As outlined by I Gede Nyoman Yetna, the Director of Company Valuation at BEI, the potential delisting is based on Indonesia’s Corporate Law, specifically Law No. 40 of 2007 on Limited Liability Companies. According to this law, shareholders of a company that merges or consolidates automatically become shareholders of the surviving entity. Therefore, Smartfren’s listing may end once the merger is complete, as EXCL will absorb FREN into a new entity named PT XLSmart Telecom Sejahtera Tbk.
However, in the event of a merger, shareholders who are dissatisfied with the outcome have the right to request that their shares be bought back at a fair price, as stipulated under Indonesia’s corporate law. This allows FREN shareholders the opportunity to exit the company if they do not agree with the merger, giving them a measure of control in an otherwise complex corporate restructuring.
While the merger itself does not immediately result in delisting, it is likely that Smartfren will no longer operate as an independent entity once the process concludes.
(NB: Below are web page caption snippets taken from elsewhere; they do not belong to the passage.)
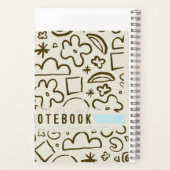 Cahier à spirale (Verso)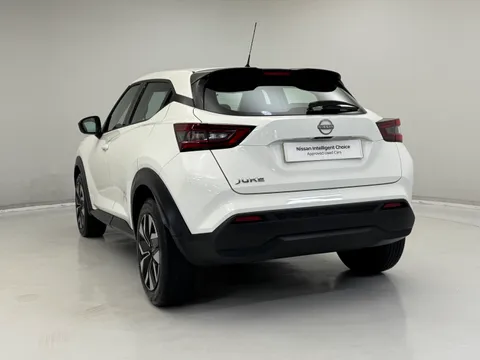 DP23FAF Nissan Juke 1.0 DiG-T 114 Acenta 5dr Thumbnail #10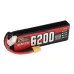 ZOP Power 2S 7.4V 6200mAh 60C 45.88Wh LiPo Battery XT60 Plug for RC Car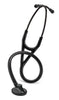 Stethoscope, 27" Black Plated Chestpiece & Ear tubes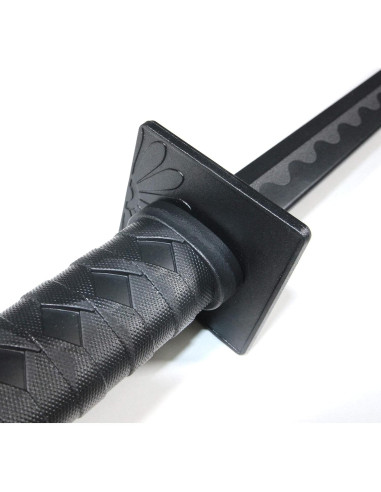 Espada Ninja de Práctica E-BOGU de Polipropileno 87.5 cm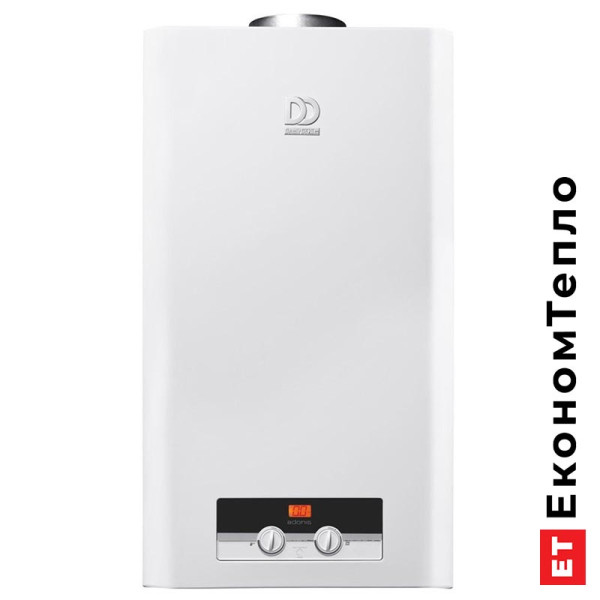 Настінний димохідний газовий котел Demrad ADONIS B24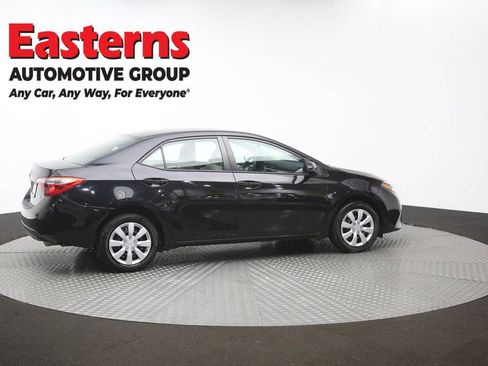 Used 2016 Toyota Corolla LE FWD image 43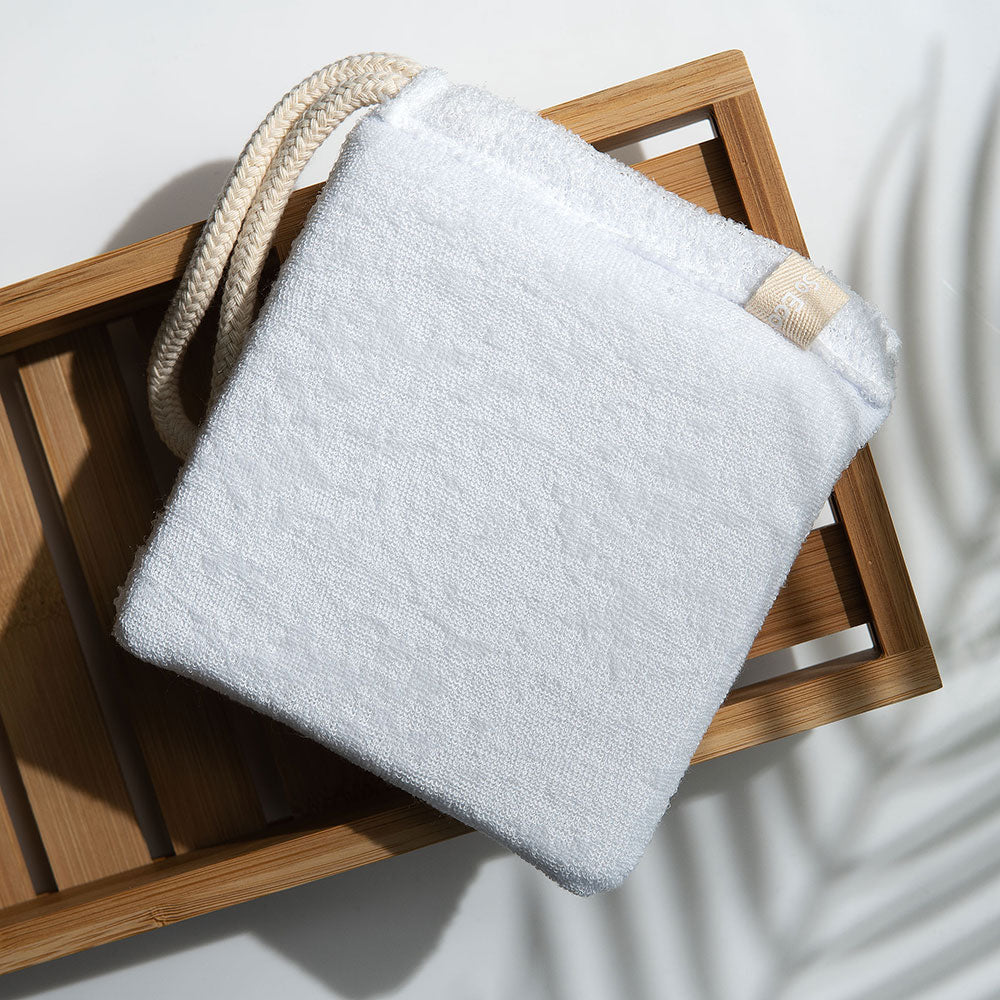 So Eco Exfoliating Bath Sponges 2 Pack
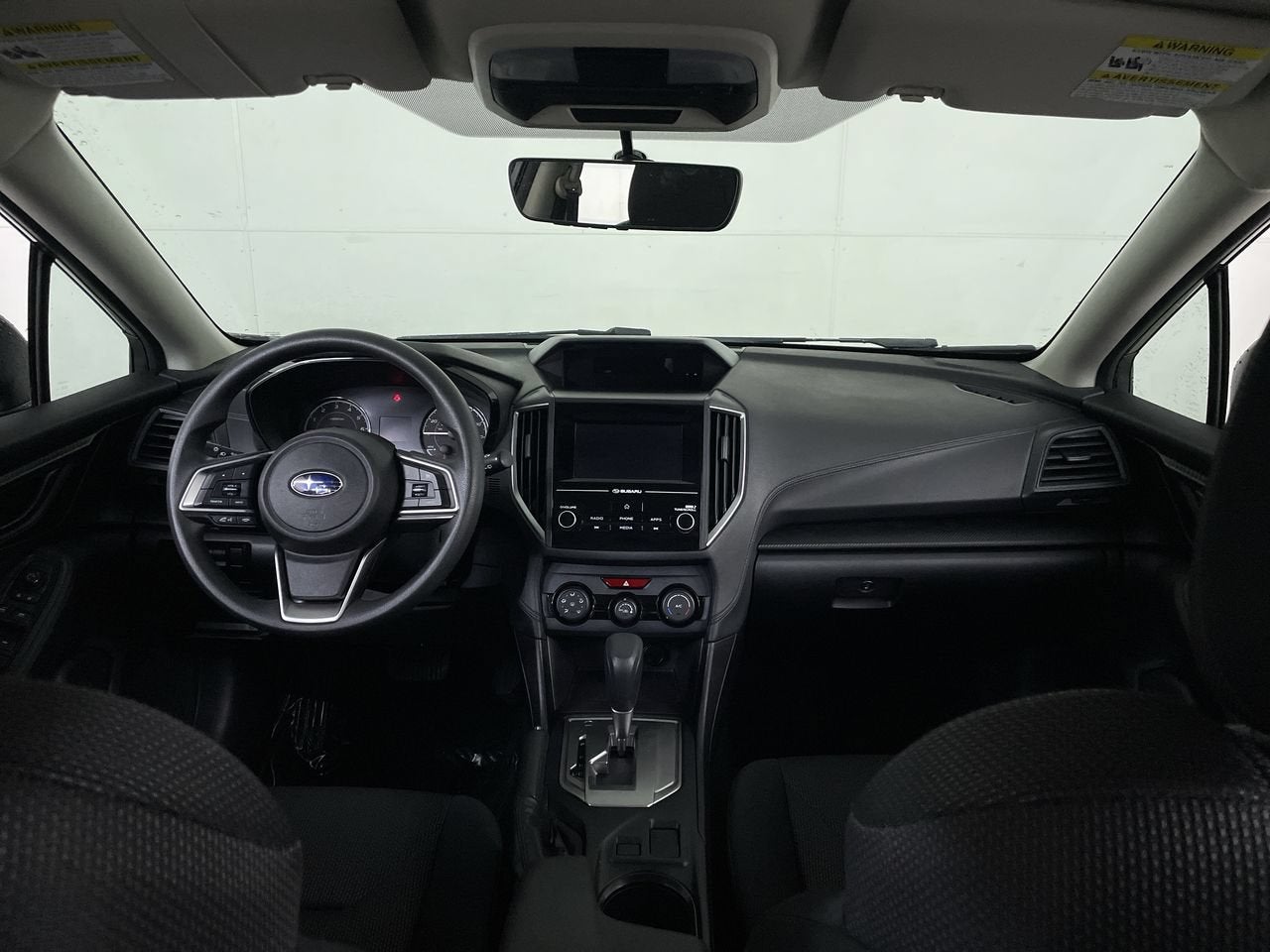 2019 Subaru Impreza 2.0i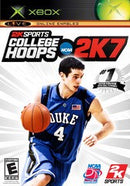 College Hoops 2K7 - In-Box - Xbox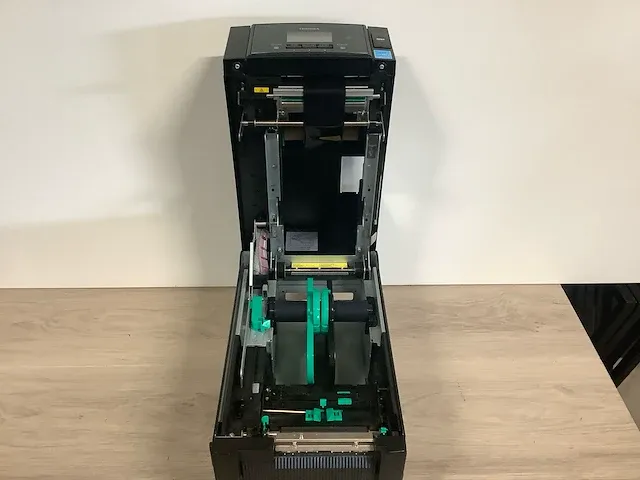 Toshiba ba410t-ts12-qm-s toshiba labelprinter - afbeelding 2 van  3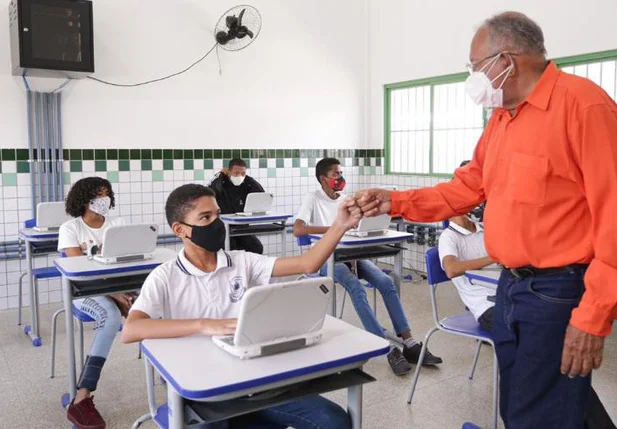 Educação de Teresina é destaque no cenário Nacional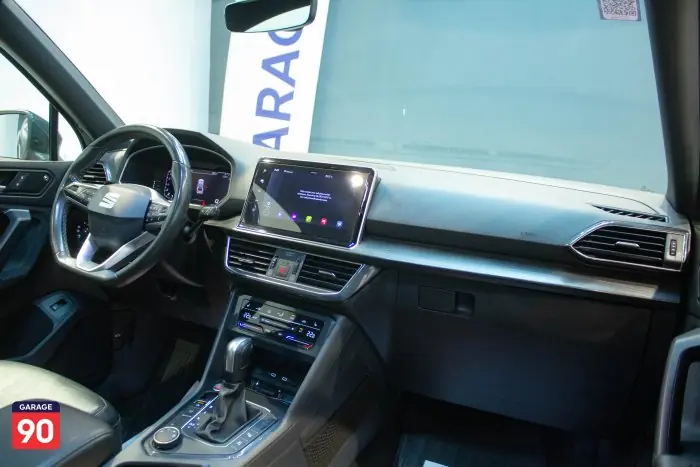 Seat Tarraco 2021 - صورة 11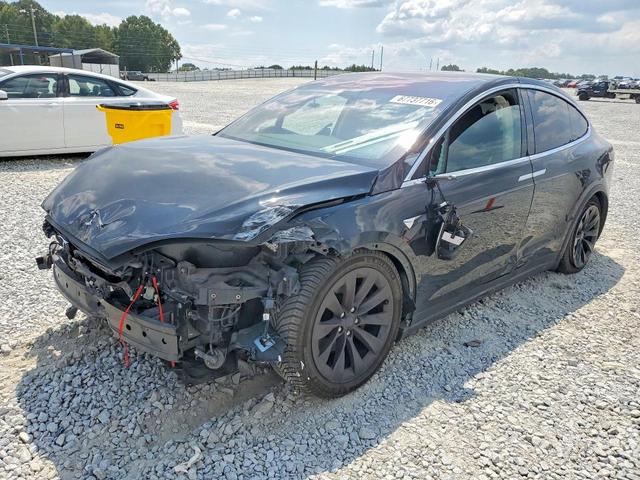 2018 TESLA MODEL X   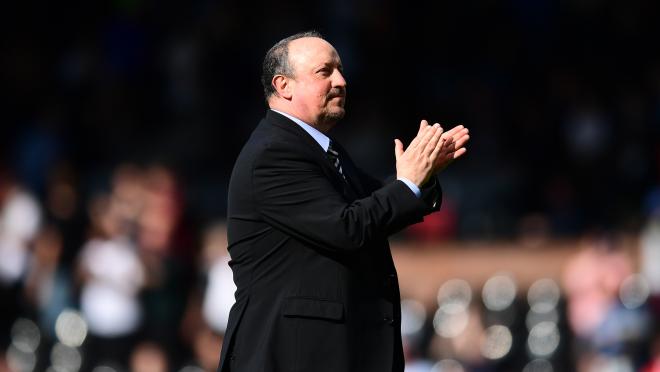 Rafa Benitez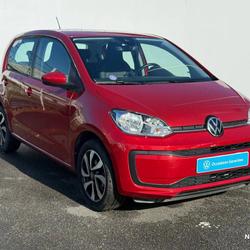 Volkswagen UP Up 1.0 65 BlueMotion Technology BVM5 Active Brie-Comte-Robert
This will see the company integrated into the larger XL Axiata structure. The merger, valued at Rp 104 trillion, is expected to create a dominant player in Indonesia’s telecom sector, driving significant innovation and investment, particularly in 5G infrastructure and digital services.
XL Axiata's CEO, Vivek Sood, has highlighted that the combined entity will benefit from substantial financial strength and market power. The merged company, XLSmart Telecom Sejahtera Tbk, will not only expand its telecom coverage but also increase its ability to innovate and invest in the growing digital infrastructure of Indonesia.
Despite the anticipated synergies and benefits of the merger, the process still awaits approval from both regulators and shareholders, with the final integration expected by mid-2025. In the interim, Smartfren’s shareholders will be closely monitoring the situation to understand how the merger will impact their investments, especially in terms of delisting and potential buyback options.
The deal is expected to produce significant cost savings, with estimates of pre-tax synergies ranging from $300 to $400 million. This will be achieved through network integration and the optimization of resources, enabling XLSmart to strengthen its position as a key player in Indonesia’s competitive telecom market.